PAC chairperson Beatrice Mwangonde said in an interview on Friday that the committee adopted the reports in the end after resolving that their colleagues in the National Assembly would need reports of the meetings in the next Parliament.

Mwangonde: We moved the motion
Mwangonde: We moved the motion

She said: “It became very important to conclude business despite never having looked at the full reports. We moved a motion adopting the reports because we want to see it presented to [the next] Parliament.”

Mwangonde said the committee decided that it would be unfair for the nation not to know what has transpired since revelations that money was carelessly looted from government coffers last September.

She said it was the duty of the committee through its oversight mandate to table the report before Parliament for the benefit of all members.

“If Parliament is called anytime soon, we want these reports tabled, but also for the sake of continuity, we need to get to the bottom of this matter and it is my hope that even if Parliament does not meet, the reports will be forwarded to the next Parliament after the May 20 2014 Tripartite Elections.

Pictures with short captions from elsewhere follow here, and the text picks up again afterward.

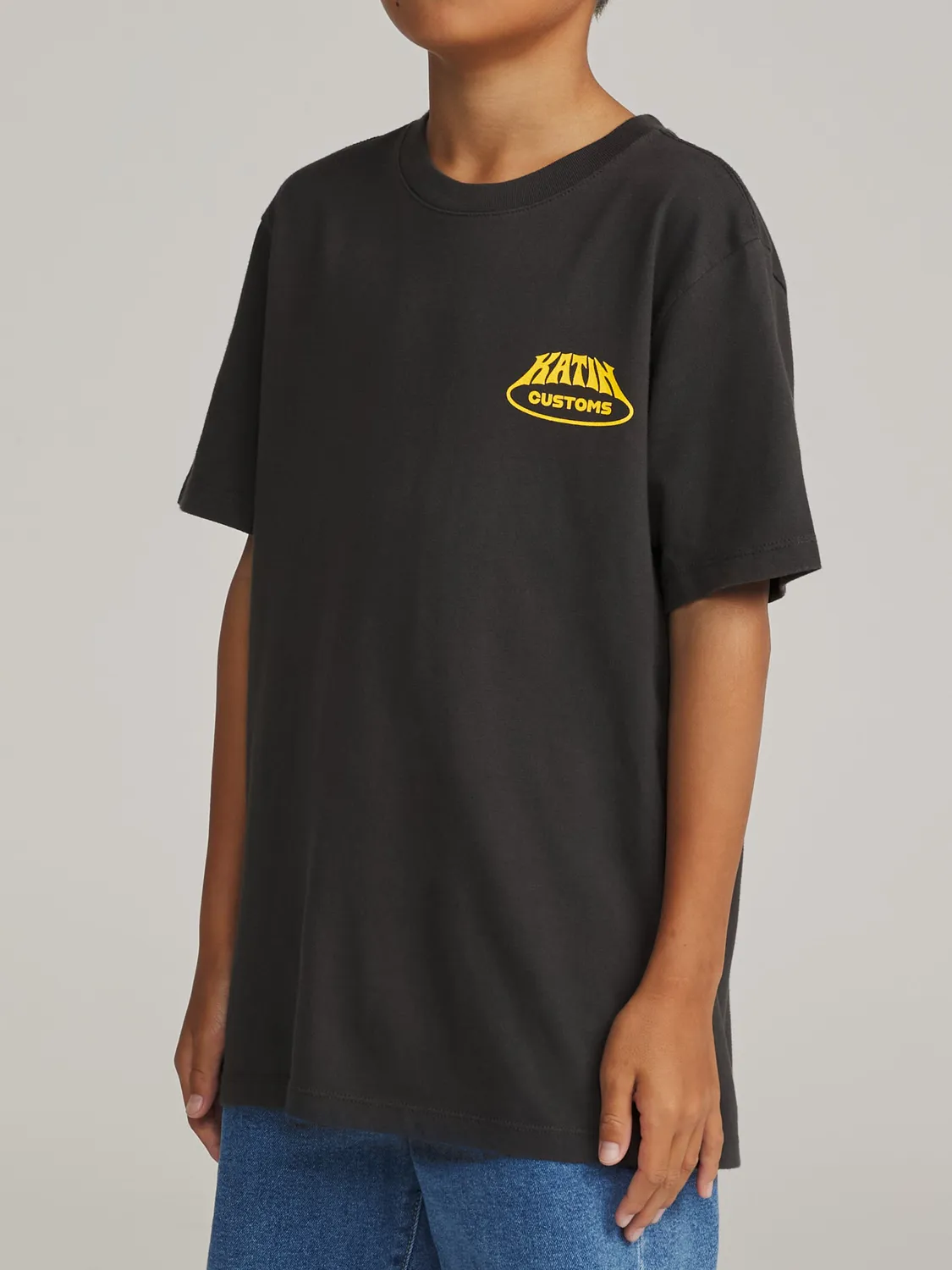 Katin Boys Voyager Tee T-Shirt Jungen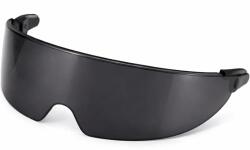 Cassida Vizieră solară pentru căști de motocicletă Cassida Jet Tech 2.0 dark (AIM142-2956)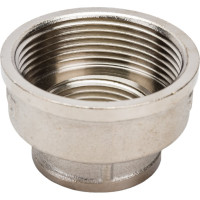 Переходная муфта СТМ 1 1/2х1", г/г CRRS1121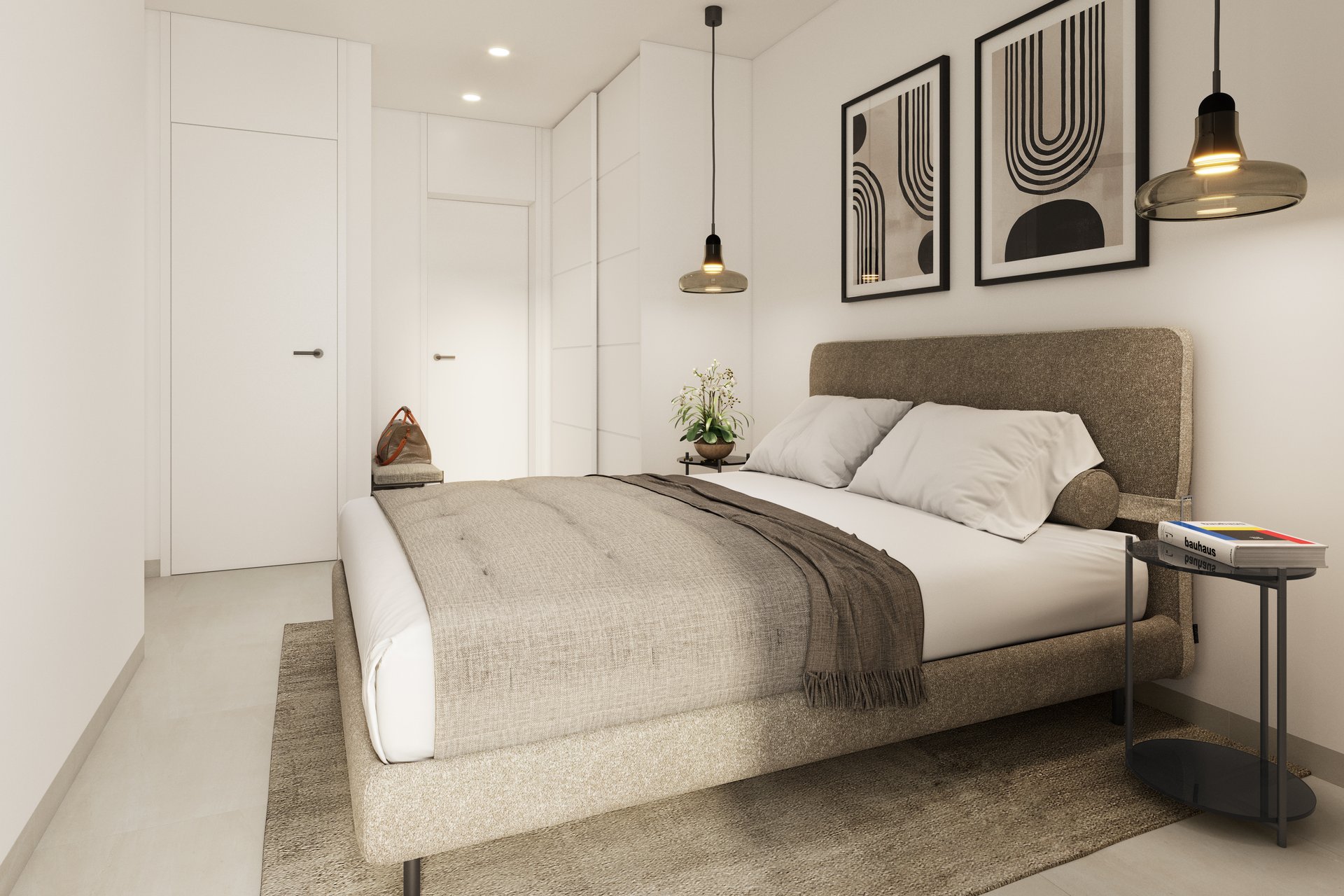 Obra nueva - Apartamento - Cartagena
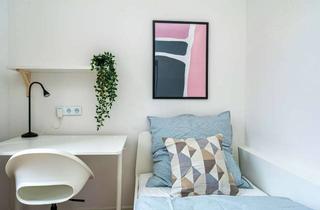 WG-Zimmer mieten in Lutherstraße, 13585 Spandau, Zimmer Lutherstraße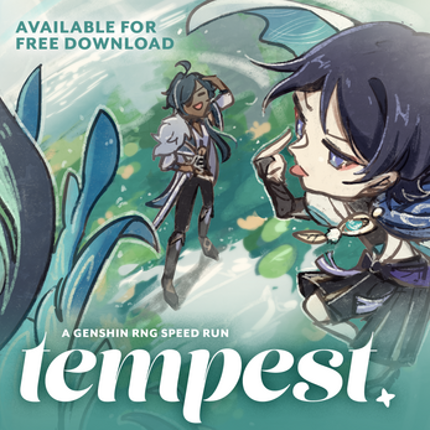 Tempest screenshot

Besides the two reports, PAC plans to forward an additional report of its meetings with various stakeholders who included former Ministry of Finance budget director Paul Mphwiyo, the Anti-Corruption Bureau (ACB), former auditor general and the former accountant general.

The forensic audit, carried out on behalf of the National Audit Office (NAO) by a British firm Baker Tilly, found that K13 billion was lost from government coffers through various means, among them, siphoning hard cash using private companies between April and September last year.

The K92 billion audit into the Central Payment System, which NAO carried out commissioned by the Treasury, has met with resistance from members of Parliament (MPs) who were in Cabinet at the time because it lacked details of perpetrators.